I have no doubt that Patten genuinely loves Hong Kong and wants the best for it. But it’s not clear that by inserting himself into contemporary debate and conflict he is being helpful or making things worse. There is a fine line between showing support and stealing the spotlight.
Most top officials retire and move on. That’s not just decorum, but the ethical thing to do. Times have changed. Your time to do good is past. That’s why former heads of state and other leaders usually try to maintain a dignified silence about their successors. They have the good grace to get out of the way.
Hong Kong’s greatest post-war governor, no sorry, it’s not Patten, was the late Murray MacLehose.
He stayed out of Hong Kong affairs after retirement even though he arguably had far greater interest because we are still living with many of the institutions, especially in social welfare, education, anti-corruption and housing, which he founded. Patten’s, sadly, is a legacy of ashes.
His greatest contribution, if you can call it that, was the democratic reform that extended the franchise in Legislative Council elections. As predicted by his own Foreign Office, it angered China, which simply scuppered it by setting up the so-called Provisional Legislative Council. The ironic thing is that Legco today has far more directly elected seats – and more Hong Kong people have the vote – than anything envisioned under the ill-advised reform of Patten.

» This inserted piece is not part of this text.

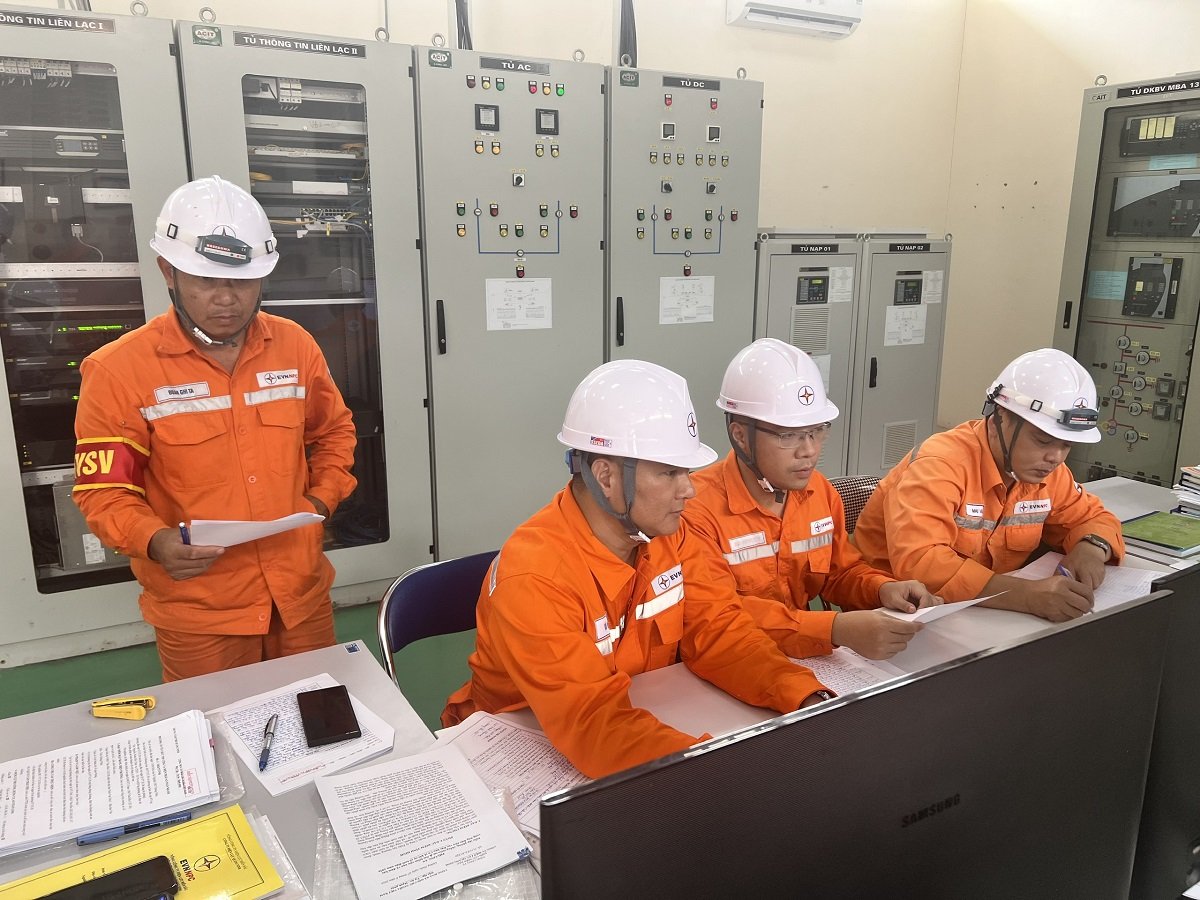 Tình huống diễn tập xử lý sự cố nổ máy cắt 475 E5.38 tại trạm biến áp 110 kV Vân Đồn 2 do sét đánh Tình huống diễn tập xử lý sự cố nổ máy cắt 475 E5.38 tại trạm biến áp 110 kV Vân Đồn 2 do sét đánh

In a speech this week, he advised university heads to talk to their student activists. He said people should pursue democracy but not independence. Such pearls of wisdom!
But when they are not anodyne, they are positively harmful, such as when he said the jailing of three Occupy activists was politically motivated. As Ken Macdonald QC, a former director of public prosecutions for England and Wales wrote in this paper, such unprincipled criticism amounted to an attack on the independence of the judiciary and the rule of law.
It has been 20 years, Mr Patten. It’s time for you to move on and let us find our own way.